Below are some records. Return exactly their lines from the one containing "幼教理论特色课程海恩斯科普海恩／斯科普课程" through the one containing "Черный квадрат Малевича.", and drop the pictures.

-- SOURCE DATA --
····················

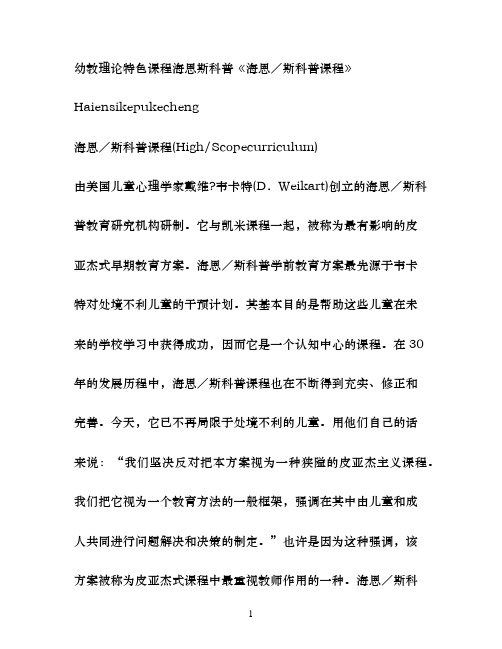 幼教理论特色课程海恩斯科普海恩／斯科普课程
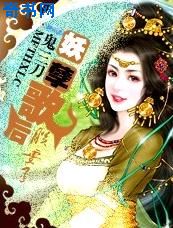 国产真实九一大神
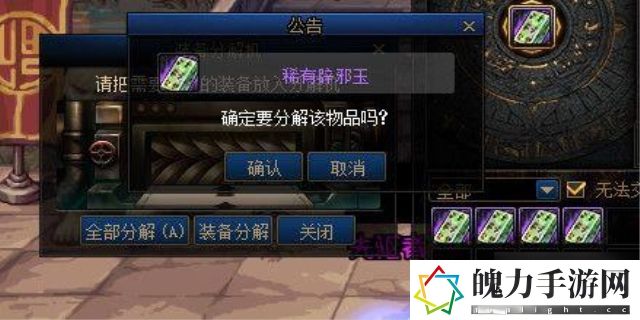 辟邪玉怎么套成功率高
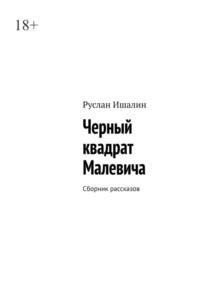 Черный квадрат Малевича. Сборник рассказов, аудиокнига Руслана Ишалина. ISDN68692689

····················

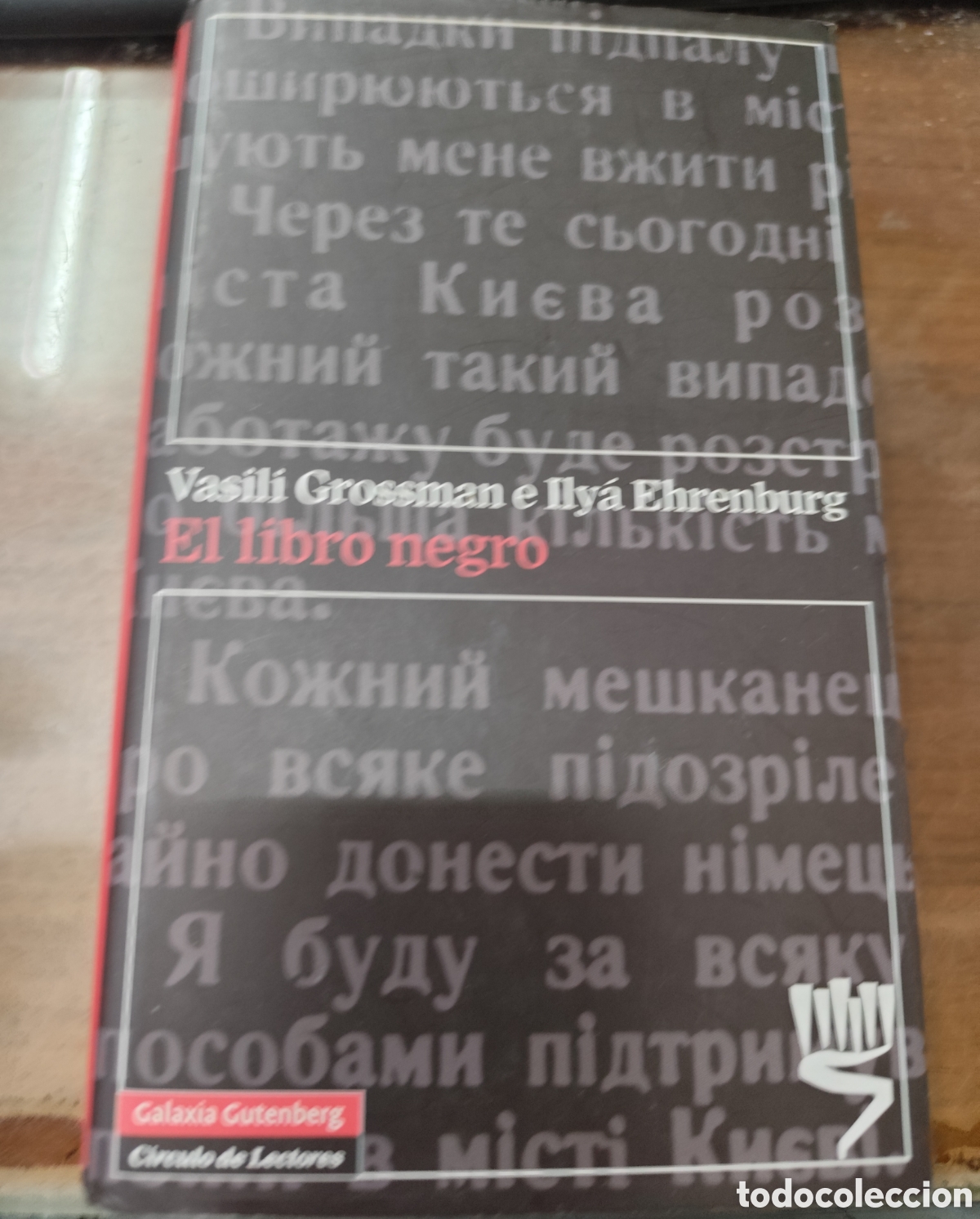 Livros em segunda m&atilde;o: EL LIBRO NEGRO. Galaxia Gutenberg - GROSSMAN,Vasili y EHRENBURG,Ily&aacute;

····················

-- OUTPUT OF THE EXERCISE --
 幼教理论特色课程海恩斯科普海恩／斯科普课程
 国产真实九一大神
 辟邪玉怎么套成功率高
 Черный квадрат Малевича. Сборник рассказов, аудиокнига Руслана Ишалина. ISDN68692689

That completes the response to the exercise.